Chapter 35 White Horse
White Horse
An enormous painting across from the tousled bed featured an exceedingly feminine flower, pillowy petals of pinks and peaches, as if Mapplethorpe had tumbled into a Georgia O’Keeffe.
Candy rested her cheek, hot with exertion, against Evan’s chest. They stared at the art.
“Subtle,” she remarked.
“Quite,” he said.
The ball of his shoulder tingled. Moments ago she’d had her mouth fastened to it, sucking greedily, as he moved above her. The radio was on, a full-rasp country tenor singing with more soul than made human sense: This love is gettin’ kinda dane-ja-rus.
She traced her nails across the top of his stomach. He felt it in his spinal cord.
“She’s so wholesome. Like she was designed by Disney in 1937.”
“I know.”
“And she’s actually good,” Candy said. “A good person.”
“I know,” Evan said.
“It’s so annoying.”
“I know.”
“I wonder what that would be like.”
“Me, too.”
More rasp from the radio, dangerous love feeling like a loaded gun.
“I almost can’t believe what they did to her. But of course I can.”
“I know.”
“You have to”—her hand tightened against his chest—“put them in the ground.”
“I can’t. I swore an oath.”
“She’s not your liege.”
“No,” Evan said.
“What then? Why do you owe them anything because of her?”
“It’s her pain. Hers to carry. And if I react more than she wants me to, I’m taking it from her.”
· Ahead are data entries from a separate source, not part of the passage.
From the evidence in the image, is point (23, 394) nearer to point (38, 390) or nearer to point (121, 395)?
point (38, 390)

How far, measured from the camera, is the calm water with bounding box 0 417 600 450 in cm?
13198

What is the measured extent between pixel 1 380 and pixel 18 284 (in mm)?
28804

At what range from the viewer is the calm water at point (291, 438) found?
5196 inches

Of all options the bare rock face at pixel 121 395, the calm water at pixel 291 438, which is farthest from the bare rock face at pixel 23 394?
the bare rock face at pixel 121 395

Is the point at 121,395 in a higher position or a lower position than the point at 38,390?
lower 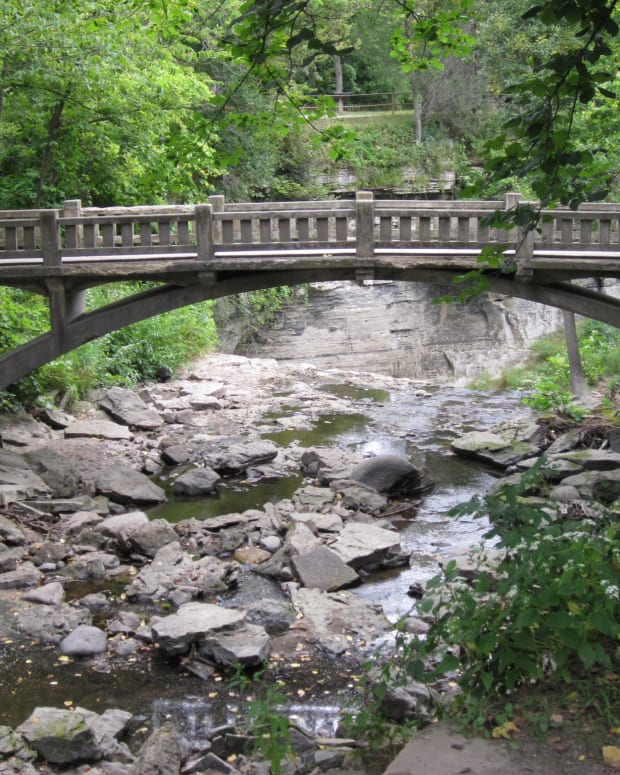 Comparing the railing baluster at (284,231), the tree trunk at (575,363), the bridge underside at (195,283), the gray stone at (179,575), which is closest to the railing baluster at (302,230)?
the railing baluster at (284,231)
Candy nuzzled into his neck. “I know,” she said. “But I really, really want you to.”
He smiled, ran his fingers through her hair, kissed her forehead.
The tenderness of the impulse surprised him. It seemed to surprise her, too.
It brought him back to the times he’d spent with Mia. They’d had a closeness as well beyond the physicality that had felt as unsettling as it did intoxicating.
Candy tipped her head up at him. Her eyes scrutinized him. Now they looked sea-green, picking up hints from the bedspread, coiled around her hips like the bustled train of a dress. She lay on her side, tilted toward him. She pinched her lip between her teeth, pensive.
“Do you want to see my back?” she asked.
They’d faced each other the whole time.
He swallowed dryly. “Yes.”
She scooted over, still on her side. And then rolled flat onto her belly.
The contrast was breathtaking. The front of her was glorious and smooth.
The back of her, seamed almost perfectly like one half of a mold, was mottled and uneven.
Her nape and the backs of her arms had been spared as well as the dip of her lumbar curve, her shoulders and mid-back bearing the damage.
Over the course of dozens of skin grafts, it had healed into a swirling landscape.
He was breathless.
She propped her chin atop her stacked forearms and studied him studying her.
“You can touch it,” she said.
He reached out and stroked the uneven flesh with his palm. It was smooth and rough at once. She didn’t wince.
He had done this. He had done this to her.
“It doesn’t weep anymore,” she said. “There’s barely any pain and not much itching. Mostly numb now. Pins and needles if I take a bath.”
He felt his focus loosen, his vision gone glassy.
She cocked her head. “What?”
“What am I supposed to say about this if we are…”
“If we are what?”
“Real to each other?”
She let the question settle. The song kept on, no cowboy, no white horse, no sunset, not there yet.
“I was trying to kill you. You were outnumbered eight to one. I fired at your face from close range. I’d brought the jugs of sulfuric acid myself, to dissolve your body after we killed you.
I was in a different mode. Operational. And you were, too.
So maybe? We don’t have anything to settle.
Maybe more complicated isn’t more right.
Maybe this”—a gesture to the room, the two of them, the rain-tapped windowpane—“is just as real, too.”
He brushed her bangs out of her face. She smiled and flipped over in a single quick motion, tucking into his side. The back of her head rested on the meat of his biceps and he looked down at her and she looked up at him.
She nipped his nose. Not too hard but hard enough to let him know she could do it harder.
“What’s your name?” she asked.
“Evan.”
“Evan.” When she giggled, she looked twenty-three years old. “I’m Candy.”